---------- Given records ----------
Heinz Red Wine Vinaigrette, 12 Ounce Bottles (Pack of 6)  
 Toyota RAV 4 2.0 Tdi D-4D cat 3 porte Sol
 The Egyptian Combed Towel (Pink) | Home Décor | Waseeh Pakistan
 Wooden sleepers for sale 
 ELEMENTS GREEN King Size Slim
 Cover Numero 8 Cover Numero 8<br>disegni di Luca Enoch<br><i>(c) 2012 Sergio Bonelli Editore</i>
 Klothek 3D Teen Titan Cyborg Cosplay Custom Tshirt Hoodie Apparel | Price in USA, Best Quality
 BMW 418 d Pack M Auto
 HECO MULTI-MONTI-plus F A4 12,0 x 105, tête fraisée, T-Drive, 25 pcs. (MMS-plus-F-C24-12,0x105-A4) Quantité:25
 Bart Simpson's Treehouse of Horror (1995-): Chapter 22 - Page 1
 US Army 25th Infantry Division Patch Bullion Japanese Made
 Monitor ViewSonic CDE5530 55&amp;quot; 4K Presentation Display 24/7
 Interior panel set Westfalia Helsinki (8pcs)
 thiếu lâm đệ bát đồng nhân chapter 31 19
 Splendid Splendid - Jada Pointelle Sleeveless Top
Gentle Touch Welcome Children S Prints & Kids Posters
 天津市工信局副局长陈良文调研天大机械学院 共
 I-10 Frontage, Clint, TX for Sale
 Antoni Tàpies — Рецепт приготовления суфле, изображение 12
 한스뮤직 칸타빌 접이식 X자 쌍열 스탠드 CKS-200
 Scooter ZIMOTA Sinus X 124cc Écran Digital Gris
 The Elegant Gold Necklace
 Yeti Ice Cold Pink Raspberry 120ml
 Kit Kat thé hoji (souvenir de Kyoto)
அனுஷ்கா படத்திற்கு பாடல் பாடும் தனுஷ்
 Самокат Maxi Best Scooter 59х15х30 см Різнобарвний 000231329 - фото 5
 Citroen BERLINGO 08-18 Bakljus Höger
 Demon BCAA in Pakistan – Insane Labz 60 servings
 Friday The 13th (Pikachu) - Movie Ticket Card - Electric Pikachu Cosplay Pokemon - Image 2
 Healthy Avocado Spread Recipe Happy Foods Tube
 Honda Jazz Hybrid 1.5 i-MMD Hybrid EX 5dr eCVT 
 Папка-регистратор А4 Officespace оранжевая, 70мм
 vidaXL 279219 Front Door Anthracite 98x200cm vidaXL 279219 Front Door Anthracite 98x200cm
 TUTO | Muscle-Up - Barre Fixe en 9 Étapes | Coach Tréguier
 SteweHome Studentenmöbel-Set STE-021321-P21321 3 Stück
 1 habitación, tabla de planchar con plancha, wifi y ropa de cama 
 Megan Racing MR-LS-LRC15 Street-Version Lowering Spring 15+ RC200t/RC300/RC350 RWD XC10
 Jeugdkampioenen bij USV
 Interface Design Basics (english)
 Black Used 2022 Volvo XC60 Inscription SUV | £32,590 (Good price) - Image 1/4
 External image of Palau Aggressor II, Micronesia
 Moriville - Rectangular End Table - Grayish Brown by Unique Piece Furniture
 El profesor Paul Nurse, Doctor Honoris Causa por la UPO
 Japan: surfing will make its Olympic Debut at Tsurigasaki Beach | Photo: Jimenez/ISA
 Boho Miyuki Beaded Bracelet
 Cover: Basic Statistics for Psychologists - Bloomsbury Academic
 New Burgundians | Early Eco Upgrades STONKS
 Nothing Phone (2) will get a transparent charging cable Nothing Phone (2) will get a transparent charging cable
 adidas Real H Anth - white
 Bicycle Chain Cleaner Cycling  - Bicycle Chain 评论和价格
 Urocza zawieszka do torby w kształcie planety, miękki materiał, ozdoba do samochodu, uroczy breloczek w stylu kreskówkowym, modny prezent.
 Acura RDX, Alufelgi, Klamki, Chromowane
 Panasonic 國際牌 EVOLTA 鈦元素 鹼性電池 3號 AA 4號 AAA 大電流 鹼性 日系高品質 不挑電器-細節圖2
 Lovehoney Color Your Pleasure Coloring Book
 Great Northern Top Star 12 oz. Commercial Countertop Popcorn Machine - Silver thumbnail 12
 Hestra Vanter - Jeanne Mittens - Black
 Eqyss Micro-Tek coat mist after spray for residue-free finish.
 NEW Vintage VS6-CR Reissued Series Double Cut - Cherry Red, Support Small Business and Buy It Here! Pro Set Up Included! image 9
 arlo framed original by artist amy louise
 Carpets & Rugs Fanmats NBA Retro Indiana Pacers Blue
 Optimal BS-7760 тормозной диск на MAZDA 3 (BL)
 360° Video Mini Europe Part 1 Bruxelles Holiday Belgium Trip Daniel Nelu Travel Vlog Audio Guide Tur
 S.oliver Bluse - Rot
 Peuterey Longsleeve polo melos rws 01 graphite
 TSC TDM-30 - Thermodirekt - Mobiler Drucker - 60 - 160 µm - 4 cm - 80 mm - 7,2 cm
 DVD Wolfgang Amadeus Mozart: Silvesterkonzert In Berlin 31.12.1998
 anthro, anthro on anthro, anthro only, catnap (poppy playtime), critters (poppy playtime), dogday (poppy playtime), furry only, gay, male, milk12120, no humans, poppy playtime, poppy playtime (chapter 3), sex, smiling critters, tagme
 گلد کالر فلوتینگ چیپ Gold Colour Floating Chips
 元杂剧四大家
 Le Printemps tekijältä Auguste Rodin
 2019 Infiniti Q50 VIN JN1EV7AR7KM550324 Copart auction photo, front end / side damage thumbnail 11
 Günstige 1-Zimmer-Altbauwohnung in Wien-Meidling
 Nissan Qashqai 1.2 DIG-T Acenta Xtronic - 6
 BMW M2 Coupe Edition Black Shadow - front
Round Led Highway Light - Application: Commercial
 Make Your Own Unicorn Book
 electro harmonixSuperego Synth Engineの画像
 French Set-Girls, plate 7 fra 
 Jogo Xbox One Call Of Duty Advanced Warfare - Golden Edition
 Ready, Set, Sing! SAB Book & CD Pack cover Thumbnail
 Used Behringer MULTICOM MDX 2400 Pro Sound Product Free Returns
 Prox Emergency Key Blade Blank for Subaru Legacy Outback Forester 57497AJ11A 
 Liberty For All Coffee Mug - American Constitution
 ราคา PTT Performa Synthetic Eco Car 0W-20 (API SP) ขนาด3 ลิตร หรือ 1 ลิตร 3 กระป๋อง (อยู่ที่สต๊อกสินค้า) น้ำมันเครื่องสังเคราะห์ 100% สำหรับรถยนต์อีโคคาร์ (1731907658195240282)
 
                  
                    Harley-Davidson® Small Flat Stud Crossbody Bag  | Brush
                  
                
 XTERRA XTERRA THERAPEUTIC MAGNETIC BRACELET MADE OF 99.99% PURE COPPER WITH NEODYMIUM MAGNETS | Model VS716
----------
- Task to complete: From the material above, set down exactly the lines starting at the one with "Demon BCAA in" and ending at the one with "Honda Jazz Hybrid", end lines included.

- Answer to this exercise:
 Demon BCAA in Pakistan – Insane Labz 60 servings
 Friday The 13th (Pikachu) - Movie Ticket Card - Electric Pikachu Cosplay Pokemon - Image 2
 Healthy Avocado Spread Recipe Happy Foods Tube
 Honda Jazz Hybrid 1.5 i-MMD Hybrid EX 5dr eCVT 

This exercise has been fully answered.